# Description of the task
Please return all lines from the records below that include the string "Volkswagen".

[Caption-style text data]
↓

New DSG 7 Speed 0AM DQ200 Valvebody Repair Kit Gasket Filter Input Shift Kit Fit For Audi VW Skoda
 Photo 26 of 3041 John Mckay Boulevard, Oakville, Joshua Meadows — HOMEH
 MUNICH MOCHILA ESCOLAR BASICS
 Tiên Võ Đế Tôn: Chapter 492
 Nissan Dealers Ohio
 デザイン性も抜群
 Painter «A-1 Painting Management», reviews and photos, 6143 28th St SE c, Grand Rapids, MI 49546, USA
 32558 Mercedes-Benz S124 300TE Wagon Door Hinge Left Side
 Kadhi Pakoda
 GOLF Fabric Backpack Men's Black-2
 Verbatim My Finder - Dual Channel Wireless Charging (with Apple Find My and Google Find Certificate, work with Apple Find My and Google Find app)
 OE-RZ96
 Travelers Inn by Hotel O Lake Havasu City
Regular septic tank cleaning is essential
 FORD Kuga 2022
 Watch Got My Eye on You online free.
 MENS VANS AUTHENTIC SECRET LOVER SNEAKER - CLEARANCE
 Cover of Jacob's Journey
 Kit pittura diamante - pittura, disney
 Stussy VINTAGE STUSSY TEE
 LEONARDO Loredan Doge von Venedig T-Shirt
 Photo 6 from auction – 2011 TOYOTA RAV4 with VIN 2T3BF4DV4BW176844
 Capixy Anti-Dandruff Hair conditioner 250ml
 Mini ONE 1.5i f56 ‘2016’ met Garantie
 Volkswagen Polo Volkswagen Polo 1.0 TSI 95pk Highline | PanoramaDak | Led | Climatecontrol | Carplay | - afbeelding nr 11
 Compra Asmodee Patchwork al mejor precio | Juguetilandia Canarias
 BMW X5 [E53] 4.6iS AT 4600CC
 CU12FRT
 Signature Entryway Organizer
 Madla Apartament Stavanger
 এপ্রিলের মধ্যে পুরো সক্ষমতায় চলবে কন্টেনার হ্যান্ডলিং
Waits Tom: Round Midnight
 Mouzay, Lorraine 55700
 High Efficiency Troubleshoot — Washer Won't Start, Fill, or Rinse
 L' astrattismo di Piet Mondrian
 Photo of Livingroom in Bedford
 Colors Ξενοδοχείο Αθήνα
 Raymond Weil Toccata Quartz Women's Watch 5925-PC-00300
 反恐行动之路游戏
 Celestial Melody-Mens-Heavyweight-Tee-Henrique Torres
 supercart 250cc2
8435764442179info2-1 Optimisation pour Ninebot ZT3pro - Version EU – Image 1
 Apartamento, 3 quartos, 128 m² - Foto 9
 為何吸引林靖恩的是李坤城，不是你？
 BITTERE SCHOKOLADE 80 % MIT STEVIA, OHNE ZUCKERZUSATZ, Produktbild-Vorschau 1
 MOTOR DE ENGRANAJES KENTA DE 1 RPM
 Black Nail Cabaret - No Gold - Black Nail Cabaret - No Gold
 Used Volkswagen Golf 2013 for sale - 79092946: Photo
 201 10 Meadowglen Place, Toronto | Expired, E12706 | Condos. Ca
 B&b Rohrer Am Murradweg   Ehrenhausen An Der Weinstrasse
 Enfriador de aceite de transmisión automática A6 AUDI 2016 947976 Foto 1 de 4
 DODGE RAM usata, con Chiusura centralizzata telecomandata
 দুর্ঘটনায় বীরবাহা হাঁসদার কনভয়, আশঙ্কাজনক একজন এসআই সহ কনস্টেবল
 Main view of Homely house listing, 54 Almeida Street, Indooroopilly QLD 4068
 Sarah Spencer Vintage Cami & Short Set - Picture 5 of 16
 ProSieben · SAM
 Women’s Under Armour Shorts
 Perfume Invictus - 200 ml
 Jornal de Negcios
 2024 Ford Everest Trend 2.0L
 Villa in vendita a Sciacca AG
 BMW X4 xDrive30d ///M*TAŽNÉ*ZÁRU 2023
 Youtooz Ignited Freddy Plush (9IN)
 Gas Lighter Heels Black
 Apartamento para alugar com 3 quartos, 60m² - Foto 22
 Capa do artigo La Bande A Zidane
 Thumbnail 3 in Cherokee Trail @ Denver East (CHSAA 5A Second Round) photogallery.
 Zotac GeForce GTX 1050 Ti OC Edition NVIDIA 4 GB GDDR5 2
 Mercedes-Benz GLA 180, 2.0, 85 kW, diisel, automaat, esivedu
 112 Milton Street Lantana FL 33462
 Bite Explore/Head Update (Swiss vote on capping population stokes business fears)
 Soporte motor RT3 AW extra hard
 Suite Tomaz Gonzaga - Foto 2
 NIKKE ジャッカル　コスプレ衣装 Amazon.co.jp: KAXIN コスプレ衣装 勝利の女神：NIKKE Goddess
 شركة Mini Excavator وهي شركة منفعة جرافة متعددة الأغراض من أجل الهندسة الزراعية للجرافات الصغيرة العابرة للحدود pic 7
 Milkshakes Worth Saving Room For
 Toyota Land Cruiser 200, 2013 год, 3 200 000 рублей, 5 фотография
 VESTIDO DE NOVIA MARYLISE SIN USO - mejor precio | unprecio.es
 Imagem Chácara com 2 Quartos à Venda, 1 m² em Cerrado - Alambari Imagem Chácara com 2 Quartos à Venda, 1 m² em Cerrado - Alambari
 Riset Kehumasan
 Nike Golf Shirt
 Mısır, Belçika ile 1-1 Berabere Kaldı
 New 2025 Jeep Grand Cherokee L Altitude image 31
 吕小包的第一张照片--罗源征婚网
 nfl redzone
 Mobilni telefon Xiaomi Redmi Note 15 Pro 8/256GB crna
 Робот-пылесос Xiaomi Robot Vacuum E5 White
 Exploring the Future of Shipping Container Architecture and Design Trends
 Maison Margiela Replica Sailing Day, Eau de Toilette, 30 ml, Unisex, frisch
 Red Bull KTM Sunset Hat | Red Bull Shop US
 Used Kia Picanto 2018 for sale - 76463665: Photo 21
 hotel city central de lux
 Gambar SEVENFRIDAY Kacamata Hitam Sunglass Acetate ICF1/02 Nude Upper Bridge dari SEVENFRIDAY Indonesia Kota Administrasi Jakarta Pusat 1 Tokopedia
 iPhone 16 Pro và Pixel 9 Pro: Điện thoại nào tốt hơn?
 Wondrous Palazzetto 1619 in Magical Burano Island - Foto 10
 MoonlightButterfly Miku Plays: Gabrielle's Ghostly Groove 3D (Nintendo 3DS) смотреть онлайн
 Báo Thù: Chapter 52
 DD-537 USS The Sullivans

↑

# Result
 Volkswagen Polo Volkswagen Polo 1.0 TSI 95pk Highline | PanoramaDak | Led | Climatecontrol | Carplay | - afbeelding nr 11
 Used Volkswagen Golf 2013 for sale - 79092946: Photo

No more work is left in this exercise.